───── DATA SECTION

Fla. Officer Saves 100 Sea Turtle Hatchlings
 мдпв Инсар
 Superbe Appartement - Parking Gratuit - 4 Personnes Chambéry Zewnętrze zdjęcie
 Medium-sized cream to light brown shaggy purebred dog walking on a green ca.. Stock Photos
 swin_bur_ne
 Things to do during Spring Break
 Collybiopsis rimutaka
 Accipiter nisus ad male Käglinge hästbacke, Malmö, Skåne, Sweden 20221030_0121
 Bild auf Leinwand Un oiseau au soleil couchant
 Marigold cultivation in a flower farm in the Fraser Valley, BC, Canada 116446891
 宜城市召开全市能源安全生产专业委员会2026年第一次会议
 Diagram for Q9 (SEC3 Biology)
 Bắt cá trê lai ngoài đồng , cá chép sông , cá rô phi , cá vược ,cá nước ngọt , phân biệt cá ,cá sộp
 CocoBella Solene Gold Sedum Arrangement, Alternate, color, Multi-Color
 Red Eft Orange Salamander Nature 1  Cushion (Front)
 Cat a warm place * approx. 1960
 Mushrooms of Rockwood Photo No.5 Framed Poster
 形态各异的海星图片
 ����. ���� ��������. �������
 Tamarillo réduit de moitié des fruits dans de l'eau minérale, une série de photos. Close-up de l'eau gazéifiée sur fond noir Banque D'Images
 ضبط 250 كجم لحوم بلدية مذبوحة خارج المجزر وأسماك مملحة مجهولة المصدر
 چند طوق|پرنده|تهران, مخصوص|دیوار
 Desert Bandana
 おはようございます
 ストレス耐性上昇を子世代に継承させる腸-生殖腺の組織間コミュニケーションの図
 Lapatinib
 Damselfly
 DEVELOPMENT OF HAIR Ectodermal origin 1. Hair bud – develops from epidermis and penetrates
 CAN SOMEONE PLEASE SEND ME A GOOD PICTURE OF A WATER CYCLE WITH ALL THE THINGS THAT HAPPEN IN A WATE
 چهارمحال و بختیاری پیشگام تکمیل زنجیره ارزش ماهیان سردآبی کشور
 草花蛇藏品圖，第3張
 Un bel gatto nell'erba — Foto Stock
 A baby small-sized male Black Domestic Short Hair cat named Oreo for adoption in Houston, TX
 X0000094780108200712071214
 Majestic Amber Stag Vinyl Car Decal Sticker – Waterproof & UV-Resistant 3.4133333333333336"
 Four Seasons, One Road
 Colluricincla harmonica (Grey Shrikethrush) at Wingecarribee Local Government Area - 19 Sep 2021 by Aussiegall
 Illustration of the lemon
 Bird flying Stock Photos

──────────

EXERCISE INSTRUCTIONS.
Would you give the data above again, exactly as written?

SOLUTION FOR THIS TASK.
Fla. Officer Saves 100 Sea Turtle Hatchlings
 мдпв Инсар
 Superbe Appartement - Parking Gratuit - 4 Personnes Chambéry Zewnętrze zdjęcie
 Medium-sized cream to light brown shaggy purebred dog walking on a green ca.. Stock Photos
 swin_bur_ne
 Things to do during Spring Break
 Collybiopsis rimutaka
 Accipiter nisus ad male Käglinge hästbacke, Malmö, Skåne, Sweden 20221030_0121
 Bild auf Leinwand Un oiseau au soleil couchant
 Marigold cultivation in a flower farm in the Fraser Valley, BC, Canada 116446891
 宜城市召开全市能源安全生产专业委员会2026年第一次会议
 Diagram for Q9 (SEC3 Biology)
 Bắt cá trê lai ngoài đồng , cá chép sông , cá rô phi , cá vược ,cá nước ngọt , phân biệt cá ,cá sộp
 CocoBella Solene Gold Sedum Arrangement, Alternate, color, Multi-Color
 Red Eft Orange Salamander Nature 1  Cushion (Front)
 Cat a warm place * approx. 1960
 Mushrooms of Rockwood Photo No.5 Framed Poster
 形态各异的海星图片
 ����. ���� ��������. �������
 Tamarillo réduit de moitié des fruits dans de l'eau minérale, une série de photos. Close-up de l'eau gazéifiée sur fond noir Banque D'Images
 ضبط 250 كجم لحوم بلدية مذبوحة خارج المجزر وأسماك مملحة مجهولة المصدر
 چند طوق|پرنده|تهران, مخصوص|دیوار
 Desert Bandana
 おはようございます
 ストレス耐性上昇を子世代に継承させる腸-生殖腺の組織間コミュニケーションの図
 Lapatinib
 Damselfly
 DEVELOPMENT OF HAIR Ectodermal origin 1. Hair bud – develops from epidermis and penetrates
 CAN SOMEONE PLEASE SEND ME A GOOD PICTURE OF A WATER CYCLE WITH ALL THE THINGS THAT HAPPEN IN A WATE
 چهارمحال و بختیاری پیشگام تکمیل زنجیره ارزش ماهیان سردآبی کشور
 草花蛇藏品圖，第3張
 Un bel gatto nell'erba — Foto Stock
 A baby small-sized male Black Domestic Short Hair cat named Oreo for adoption in Houston, TX
 X0000094780108200712071214
 Majestic Amber Stag Vinyl Car Decal Sticker – Waterproof & UV-Resistant 3.4133333333333336"
 Four Seasons, One Road
 Colluricincla harmonica (Grey Shrikethrush) at Wingecarribee Local Government Area - 19 Sep 2021 by Aussiegall
 Illustration of the lemon
 Bird flying Stock Photos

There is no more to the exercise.